Бумажные птицы уставились на неё.
- Чего вы хотите от меня? – спросила Луна. Бумажные птицы устроились на свои насесты. Их слишком много, чтобы считать – и они ждали. Но чего?
- Кар-р-р! – возмутился ворон. – Какая разница, что им нужно? Они жуткие!
Конечно, жуткие. И красивые, и странные. И они что-то искали. И пытались что-то ей сказать.
Луна опустилась в грязь. Смотрела на птиц и позволила ворону пристроиться у неё на коленях. Она закрыла глаза, достала блокнот и огрызок карандаша. Однажды она позволила своим мыслям блуждать – и тогда подумала о женщине из снов. А потом нарисовала карту, и карта была верной, по крайней мере, до этой поры. "Она здесь, она здесь, она здесь", вещала её карта, и Луна могла предполагать, что та не лгала. А теперь ей надо сделать ещё кое-что. И узнать, куда запропастилась её бабушка.
- Кар-р-р! – заявил ворон.
- Тише, - отмахнулась Луна, не открывая глаз. – Я пытаюсь сосредоточиться.
Бумажные птицы наблюдали за нею. Она чувствовала их взгляды. Луна знала – рука двигалась по странице. Она пыталась держать перед глазами бабушкино лицо. Чувствовать прикосновение её руки. Запах кожи. Луна почувствовала, как сжалось от беспокойства её сердце, как слезинки упали восклицательным знаком на бумагу.
- Кар-р-! – заявил ворон. – Птицы.
Луна открыла глаза. Ворон был прав. Это не походило на её бабушку. Она нарисовала глупую птицу, сидевшую на руке у человека.
- Ну что такое?! – возмутилась Луна, чувствуя, как болело сердце. Как найти бабушку? Как?!
- Кар-р-р! – заявил ворон. – Тигр.
Луна поднялась на ноги, чувствуя, как дрожат колени
- Держись ближе, - сказала она ворону. Ей хотелось, чтобы птицы были из чего-то посущественнее бумаги. Камни. Острая сталь.
- Ну, - промолвил голос, - что тут у нас здесь?
- Кар-р-р! Тигр!
Но это был не тигр. Просто женщина.
Так почему она чувствовала себя так странно?
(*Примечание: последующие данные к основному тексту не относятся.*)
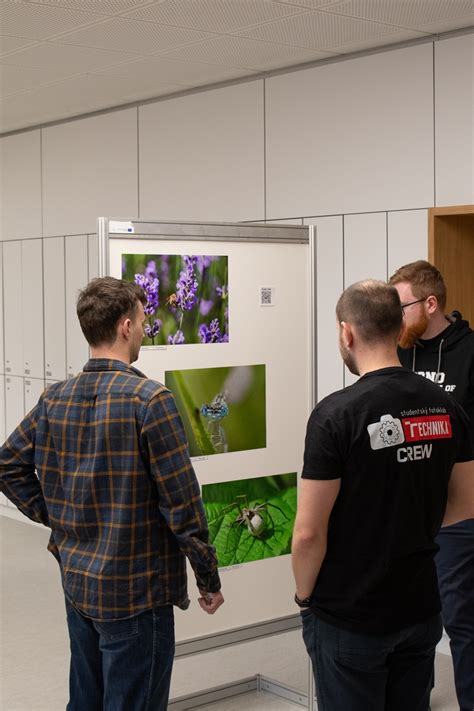 Výstava Studentského fotoklubu Technika Brno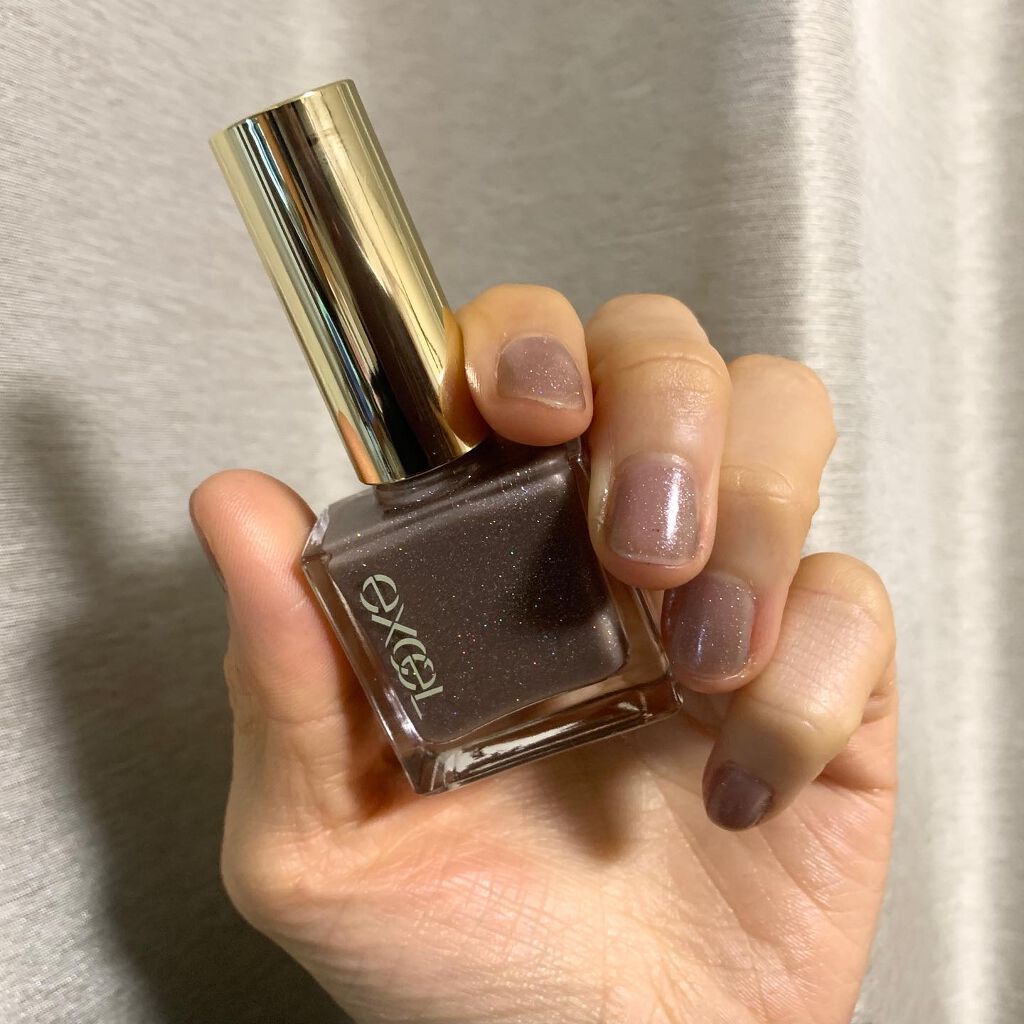 エクセル ネイルポリッシュ N/excel/マニキュアを使ったクチコミ(4枚目)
Эсин стояла – к ним подходил Великий Старейшина в сопровождении двух вооружённых сестёр Звёзд. Кажется, совершенно не боялся. По правде, это до ужаса возмутительно! Великий Старейшина хмурил брови, надеясь выглядеть внушительным, но никакого особого впечатления это не справляло. Казалось, солдаты справа и слева от него могли только усугублять положение, но ведь они были просто друзьями. И она просияла, увидев улыбки на лицах безжалостных солдат.
- Лиллиэнз! – воскликнула она, улыбаясь девушке слева. – И милая, милая Мэй…. – она послала девушке справа воздушный поцелуй.